INPUT FOR THIS TASK:

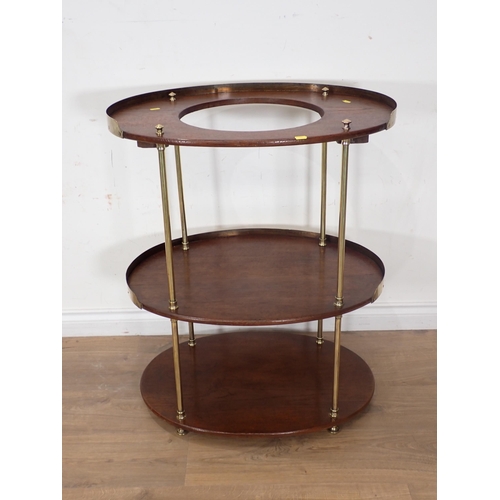 308 - A 19th Century oak or camphor oval Campaign Washstand with brass rim and supports, collapsible for t... 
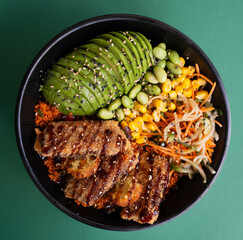 Poke bowl with sliced avocado, grilled meat, edamame, corn, and vegetables, top view, isolated on green background.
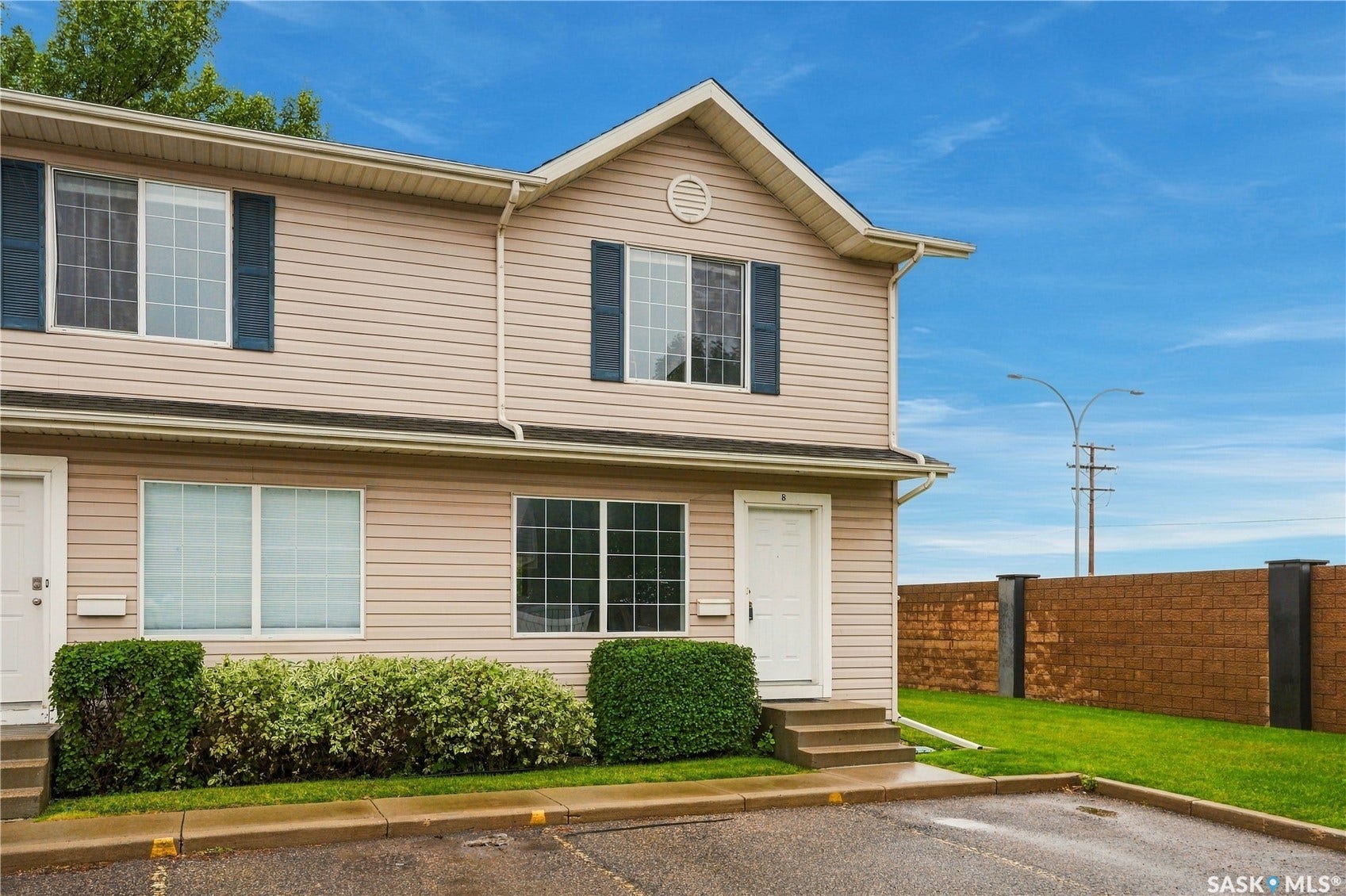 Two-story residence featuring light-colored siding and dark shutters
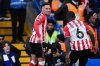 Sunderland's Chemsdine Talbi, left, celebrates scoring their side's second goal during the English Premier League soccer match between Chelsea and Sunderland at Stamford Bridge, London, Saturday Oct. 25, 2025. (John Walton/PA via AP)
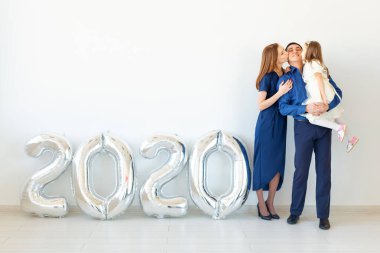 Genç, mutlu aile babası ve kızı beyaz arka planda 2020 numaralı balonların yanında duruyorlar. Yeni yıl, Noel, tatil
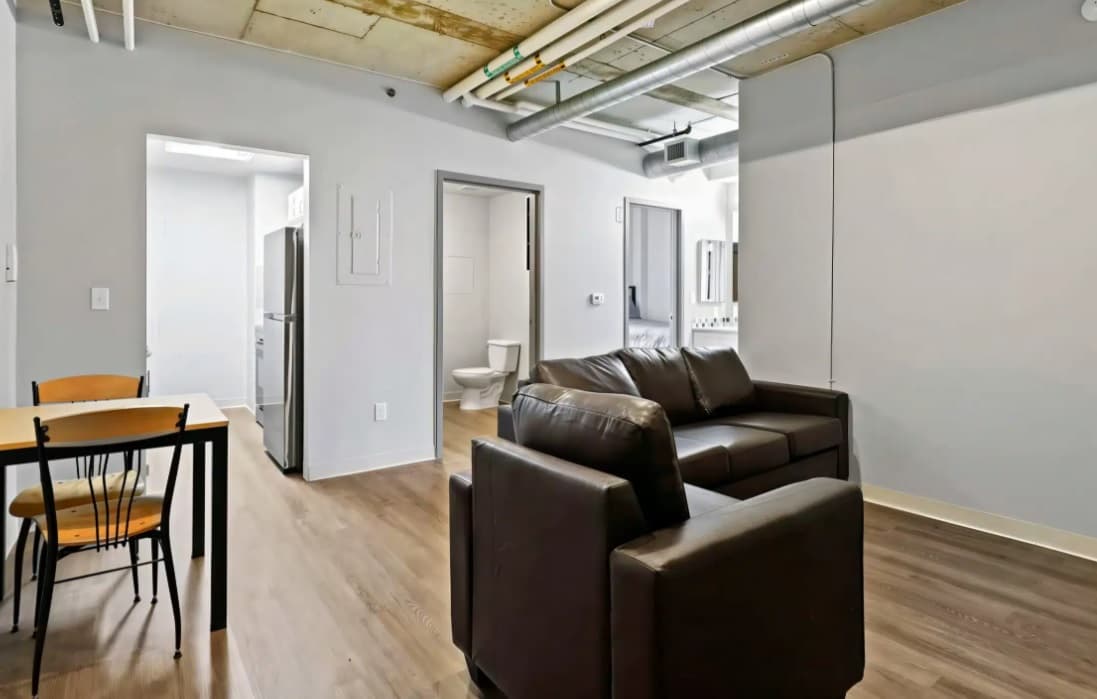 Modern apartment interior at Auraria Lofts featuring a brown leather sofa and armchair, small dining table with chairs, visible kitchen appliances, bathroom, exposed pipes, and a light wood floor.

TASK STATEMENT:
Every line above should be copied exactly; do not carry over the pictures.

SOLVED EXERCISE:
 308 - A 19th Century oak or camphor oval Campaign Washstand with brass rim and supports, collapsible for t... 
 Poke bowl with sliced avocado, grilled meat, edamame, corn, and vegetables, top view, isolated on green background.
 Two-story residence featuring light-colored siding and dark shutters
 Sunderland's Chemsdine Talbi, left, celebrates scoring their side's second goal during the English Premier League soccer match between Chelsea and Sunderland at Stamford Bridge, London, Saturday Oct. 25, 2025. (John Walton/PA via AP)
 Genç, mutlu aile babası ve kızı beyaz arka planda 2020 numaralı balonların yanında duruyorlar. Yeni yıl, Noel, tatil
 Modern apartment interior at Auraria Lofts featuring a brown leather sofa and armchair, small dining table with chairs, visible kitchen appliances, bathroom, exposed pipes, and a light wood floor.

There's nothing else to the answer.